WDET radio in Detroit surfaced 2003 court records showing a Betty Alexander pleaded guilty to check fraud in Albuquerque, New Mexico. Alexander grew up in Albuquerque but Lemmons said he does not believe she has a criminal record.
“I know a lot of people are looking for dirt. We know that,” he said, suggesting he’d look into it. “There are things people may have in their past that I don’t know about.”
Alexander ran for the Detroit school board in 2016 and was identified among a host of candidates who had filed for bankruptcy or been sued for unpaid rent or other debts.
Knezek was one of three incumbent state lawmakers who lost in the Tuesday primary, but his defeat was by far the most shocking because it came at the hands of a virtual unknown. A Marine Corps veteran, Knezek is known for fiery floor speeches and serves as chairman of the Senate Democratic Caucus.
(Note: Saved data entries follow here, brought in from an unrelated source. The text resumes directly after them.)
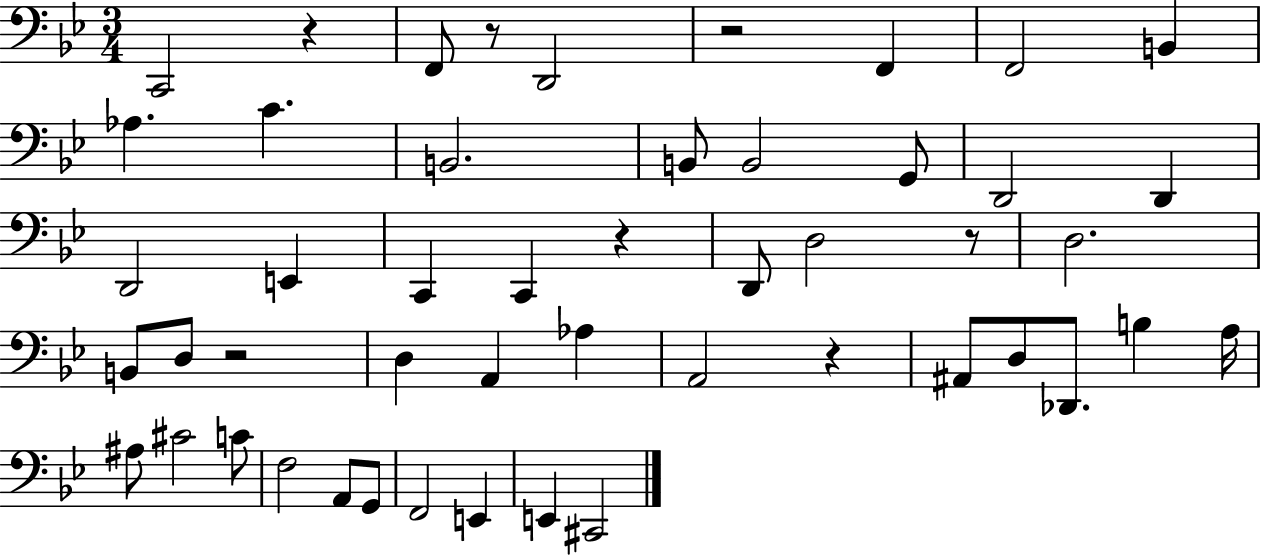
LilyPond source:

{
  \clef bass
  \numericTimeSignature
  \time 3/4
  \key bes \major
  c,2 r4 | f,8 r8 d,2 | r2 f,4 | f,2 b,4 | \break aes4. c'4. | b,2. | b,8 b,2 g,8 | d,2 d,4 | \break d,2 e,4 | c,4 c,4 r4 | d,8 d2 r8 | d2. | \break b,8 d8 r2 | d4 a,4 aes4 | a,2 r4 | ais,8 d8 des,8. b4 a16 | \break ais8 cis'2 c'8 | f2 a,8 g,8 | f,2 e,4 | e,4 cis,2 | \break \bar "|."
}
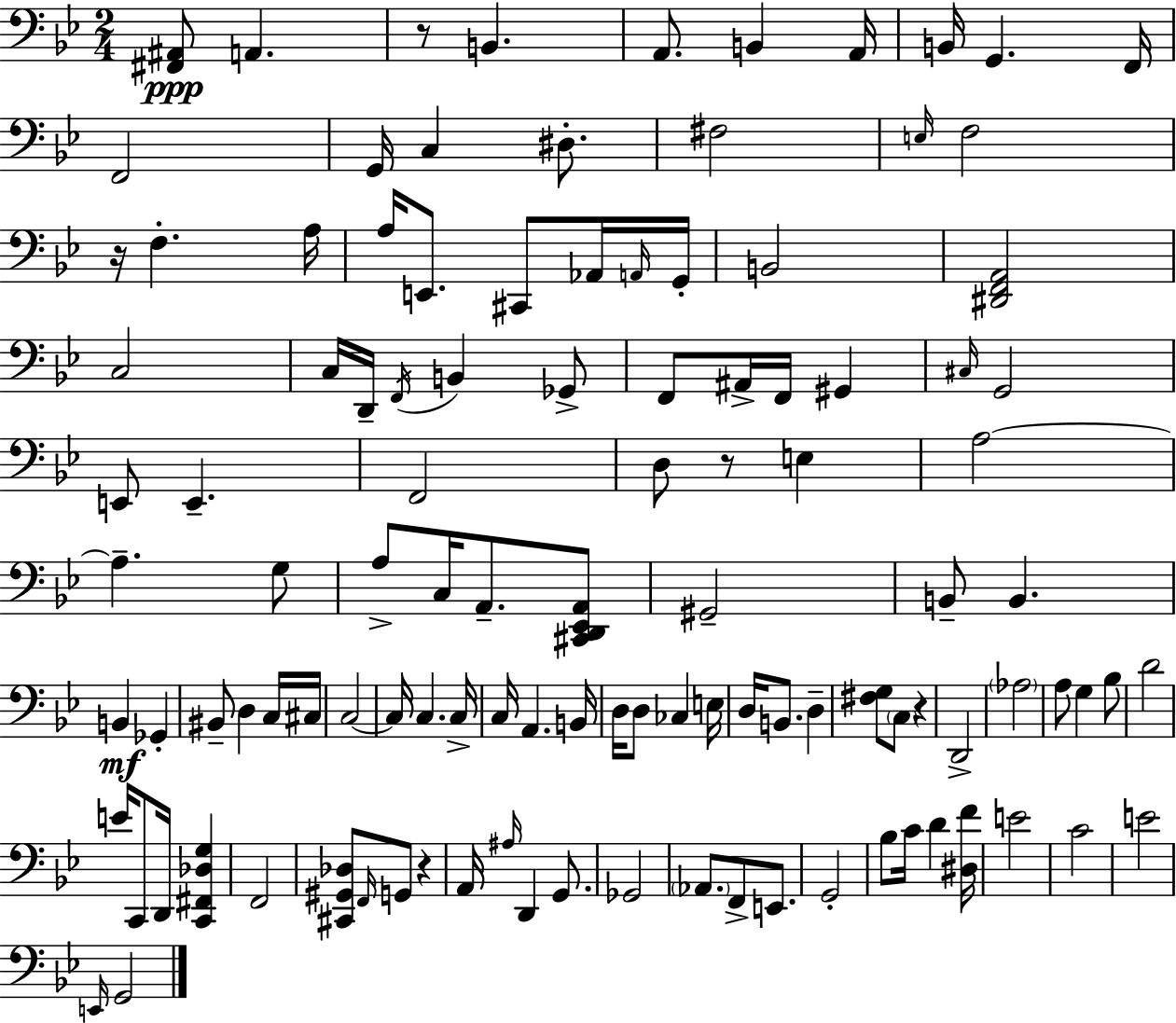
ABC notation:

X:1
T:Untitled
M:2/4
L:1/4
K:Gm
[^F,,^A,,]/2 A,, z/2 B,, A,,/2 B,, A,,/4 B,,/4 G,, F,,/4 F,,2 G,,/4 C, ^D,/2 ^F,2 E,/4 F,2 z/4 F, A,/4 A,/4 E,,/2 ^C,,/2 _A,,/4 A,,/4 G,,/4 B,,2 [^D,,F,,A,,]2 C,2 C,/4 D,,/4 F,,/4 B,, _G,,/2 F,,/2 ^A,,/4 F,,/4 ^G,, ^C,/4 G,,2 E,,/2 E,, F,,2 D,/2 z/2 E, A,2 A, G,/2 A,/2 C,/4 A,,/2 [^C,,D,,_E,,A,,]/2 ^G,,2 B,,/2 B,, B,, _G,, ^B,,/2 D, C,/4 ^C,/4 C,2 C,/4 C, C,/4 C,/4 A,, B,,/4 D,/4 D,/2 _C, E,/4 D,/4 B,,/2 D, [^F,G,]/2 C,/2 z D,,2 _A,2 A,/2 G, _B,/2 D2 E/4 C,,/2 D,,/4 [C,,^F,,_D,G,] F,,2 [^C,,^G,,_D,]/2 F,,/4 G,,/2 z A,,/4 ^A,/4 D,, G,,/2 _G,,2 _A,,/2 F,,/2 E,,/2 G,,2 _B,/2 C/4 D [^D,F]/4 E2 C2 E2 E,,/4 G,,2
State Senate District 5 includes portions of Detroit along with Dearborn Heights, Garden City, Inkster and Redford Township.
Lemmons suggested Knezek won the seat four years earlier through a “fluke,” when he captured 32 percent of the vote in a six-way primary that featured former Detroit state Reps. Shanelle Jackson, David Nathan and Thomas Stallworth III.
“Ironically, the initial person I tried to get to run was David Nathan,” Lemmons said. “He said, ‘I can’t raise the money, so I’m not going to do it.’”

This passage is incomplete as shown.